(Work to complete)
For the material below, set down exactly the lines between the one containing "Тормозной суппорт LAUBER" and the last line, both included, leaving every picture out.

(Information shown)
──────
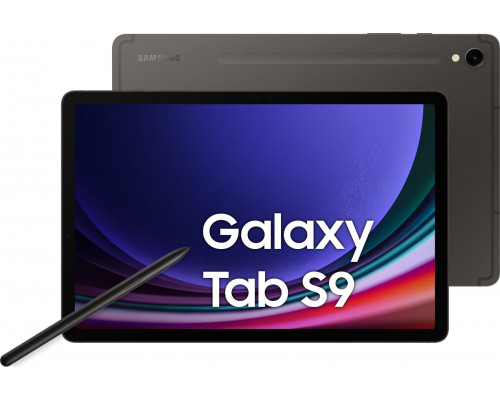 Samsung Samsung Galaxy Tab S9 WiFi 8GB/128GB szary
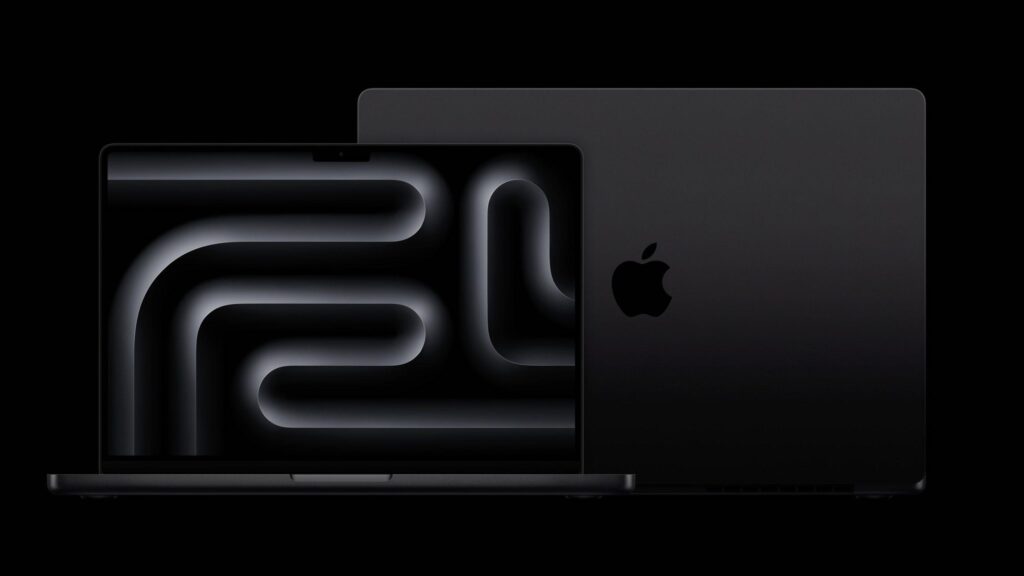 Apple MacBook Pro 16 M4 Pro 48GB / 512GB Space Black
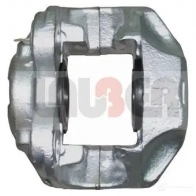 Тормозной суппорт LAUBER 5901321081707 772435 V6 CXHO 3412898 - Изображение 3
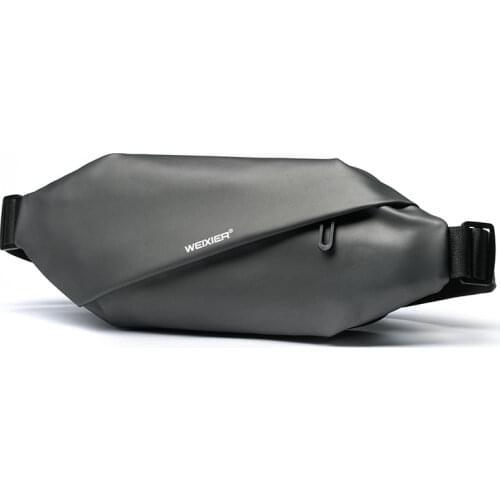 2020 Fashion Waterproof Men Chest Bag Messenger Bags Oxford High Quality Casual Men Travel Shoulder Bags for Men Crossbody Bag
──────
(Answer to the problem)
 Тормозной суппорт LAUBER 5901321081707 772435 V6 CXHO 3412898 - Изображение 3
 2020 Fashion Waterproof Men Chest Bag Messenger Bags Oxford High Quality Casual Men Travel Shoulder Bags for Men Crossbody Bag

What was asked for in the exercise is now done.